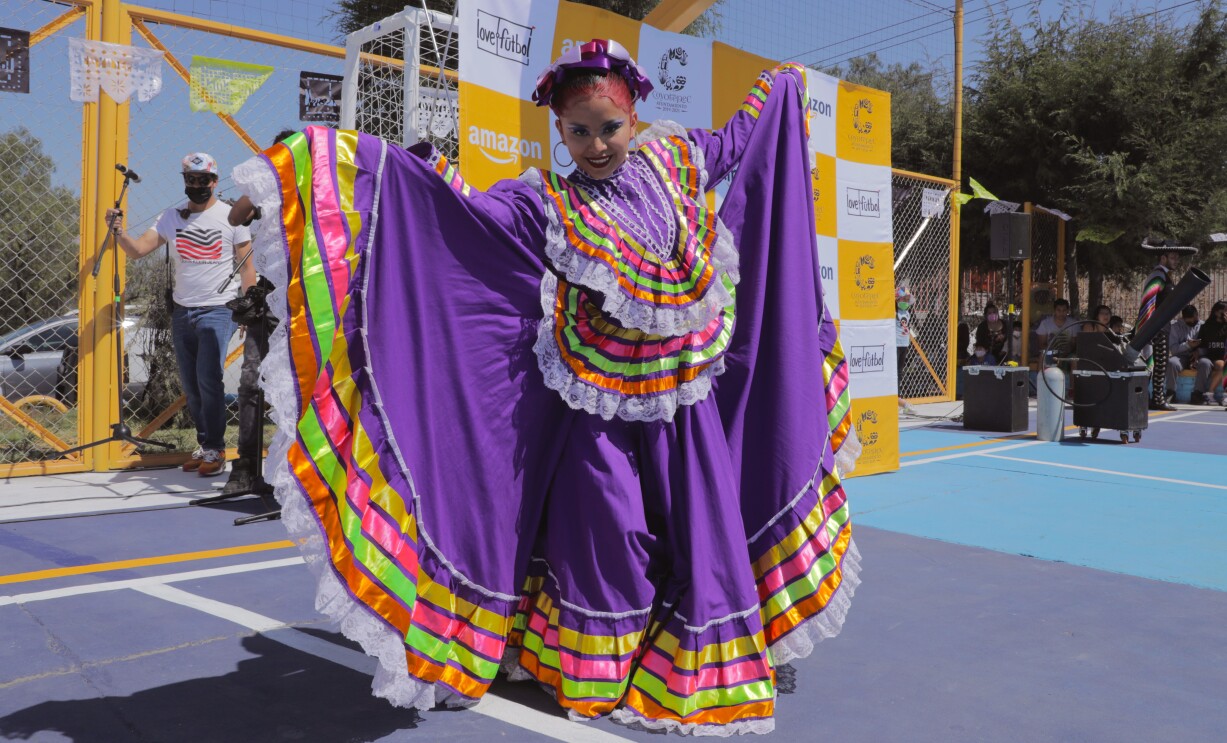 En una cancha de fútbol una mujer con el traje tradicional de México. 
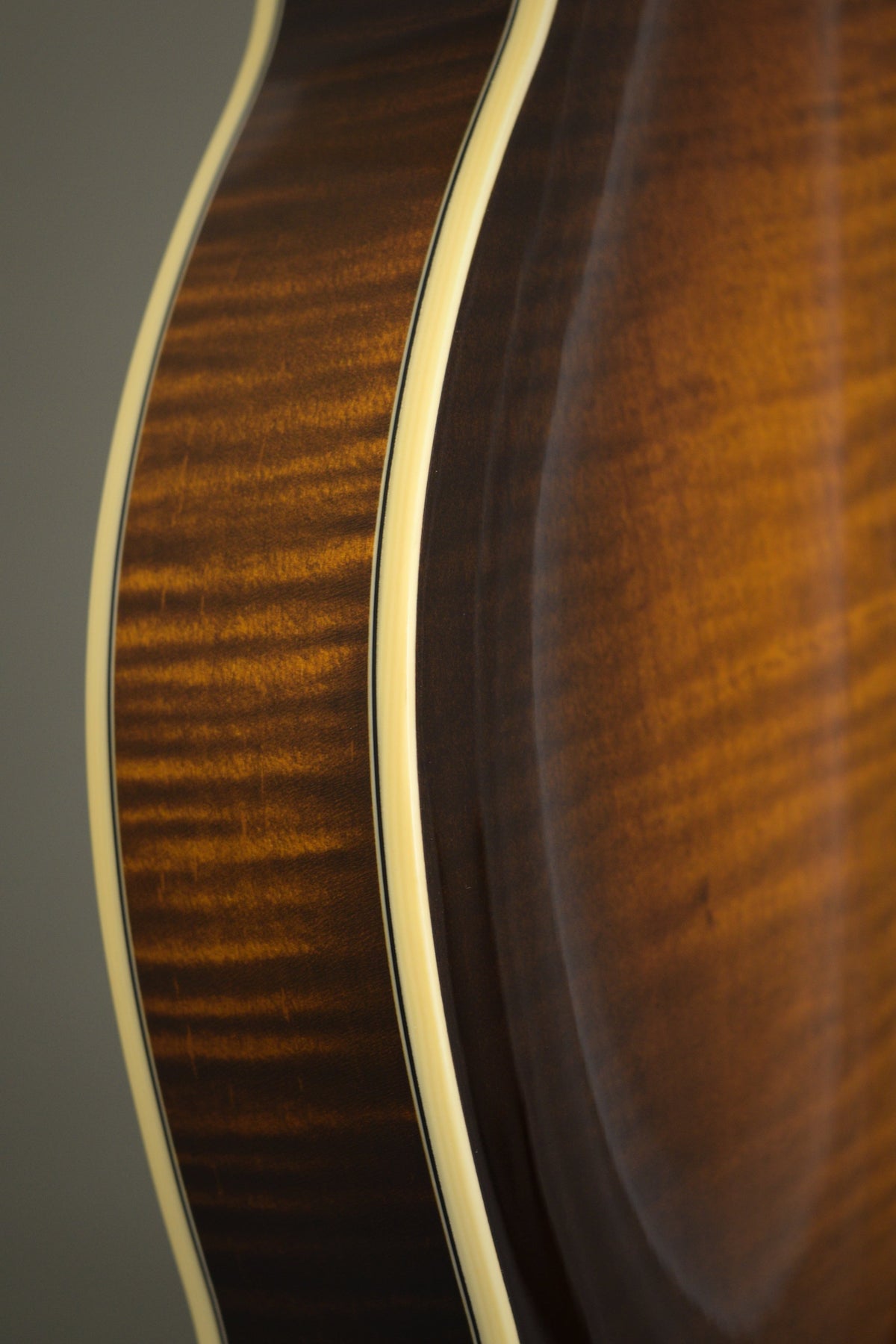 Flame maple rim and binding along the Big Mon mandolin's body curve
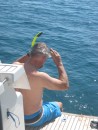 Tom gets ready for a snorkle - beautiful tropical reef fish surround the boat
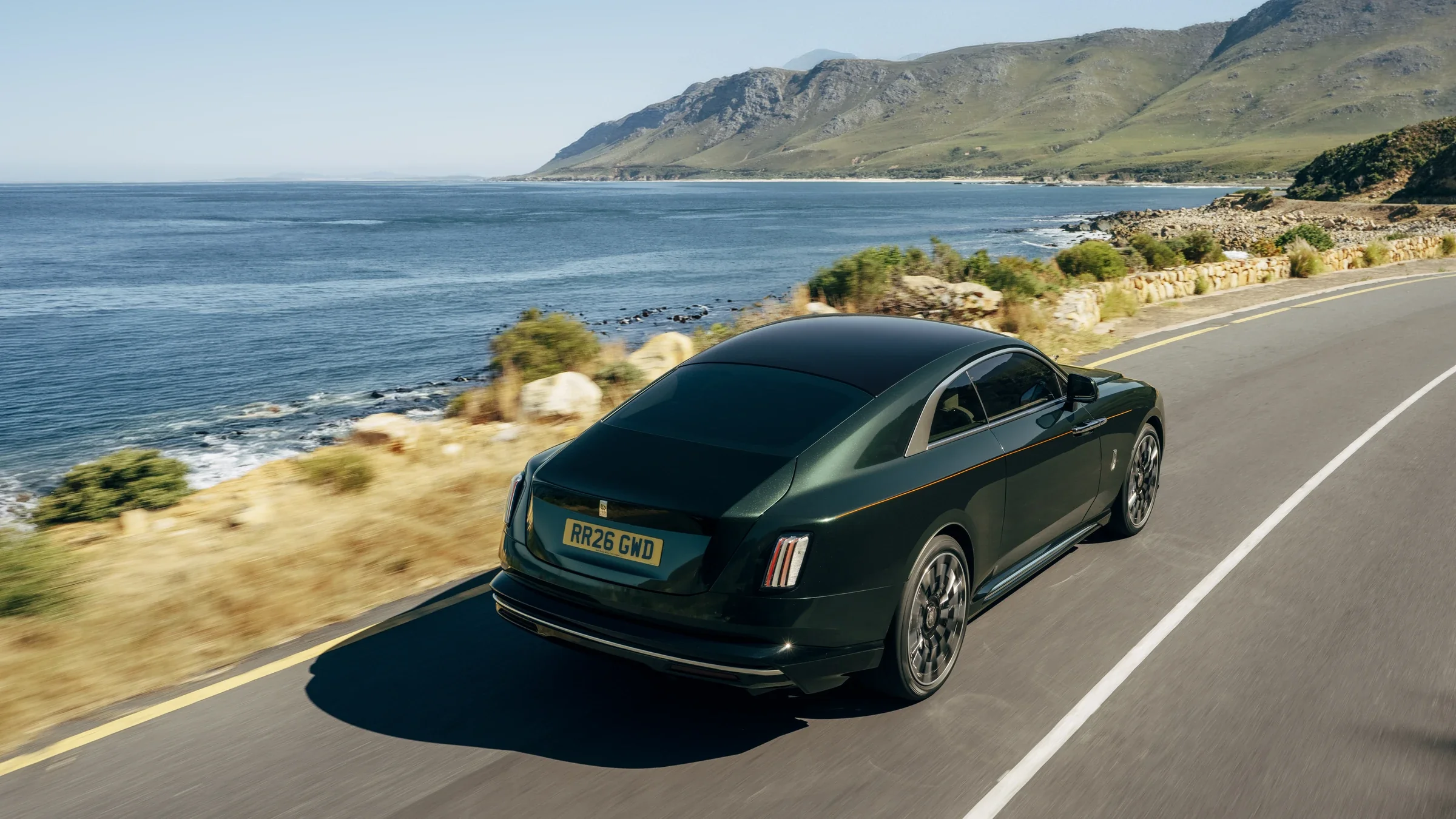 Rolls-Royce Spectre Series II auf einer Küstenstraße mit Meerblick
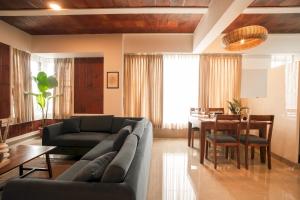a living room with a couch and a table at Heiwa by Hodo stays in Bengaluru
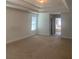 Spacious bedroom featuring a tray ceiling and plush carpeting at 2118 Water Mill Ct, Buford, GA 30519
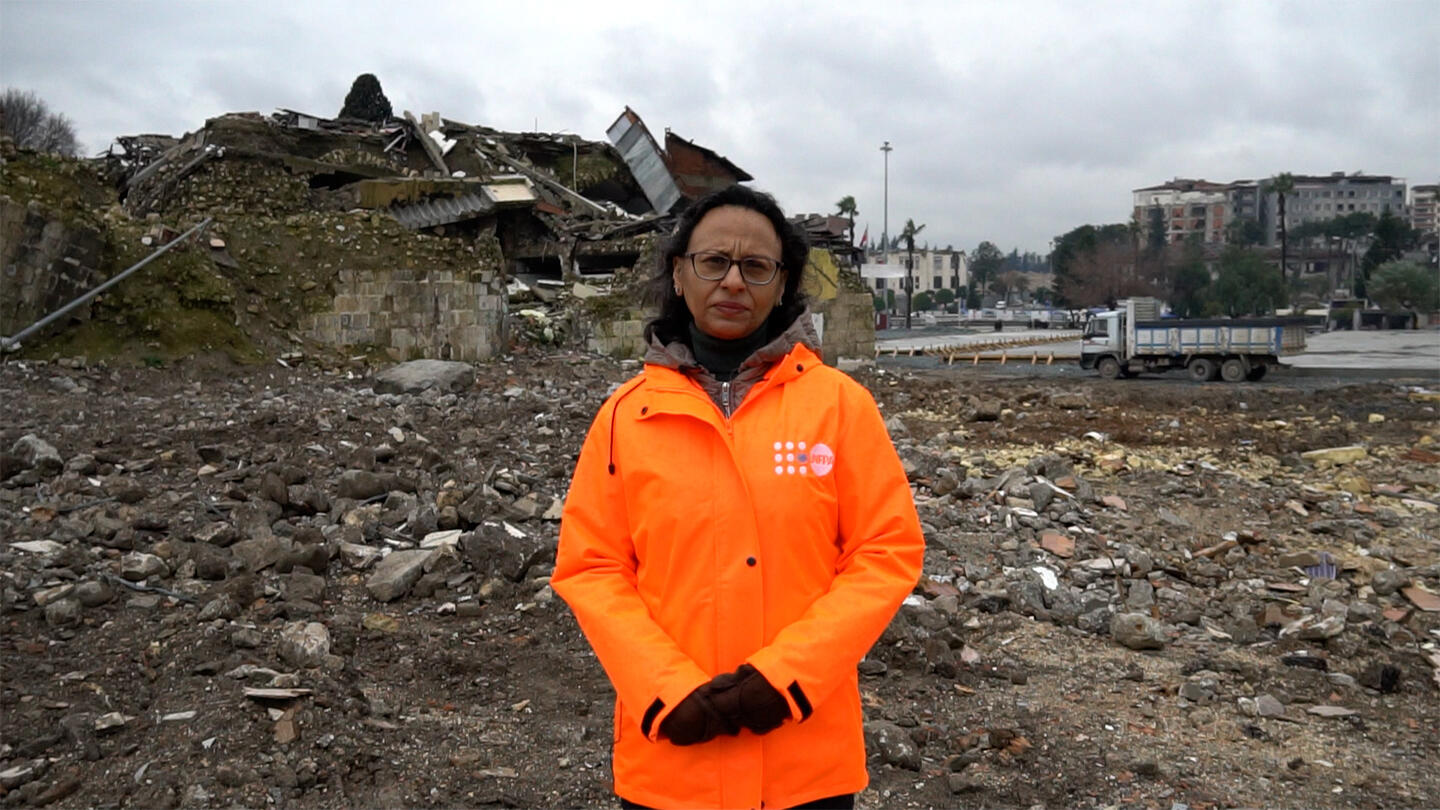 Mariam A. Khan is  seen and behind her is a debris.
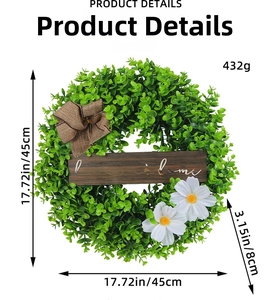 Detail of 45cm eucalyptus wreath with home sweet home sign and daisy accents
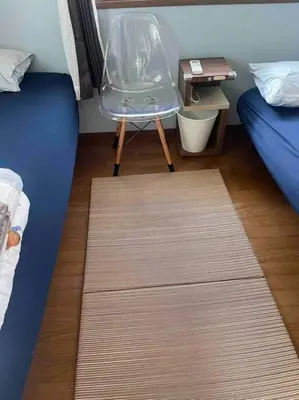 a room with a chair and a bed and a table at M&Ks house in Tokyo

Problem to work on: Among the entries above, take the line with "Rolls-Royce Spectre Series", the line with "Spacious bedroom featuring", and all the lines between them, and restate them word for word without pictures.

Completed exercise:
 Rolls-Royce Spectre Series II auf einer Küstenstraße mit Meerblick
a living room with a couch and a table at Heiwa by Hodo stays in Bengaluru
 Spacious bedroom featuring a tray ceiling and plush carpeting at 2118 Water Mill Ct, Buford, GA 30519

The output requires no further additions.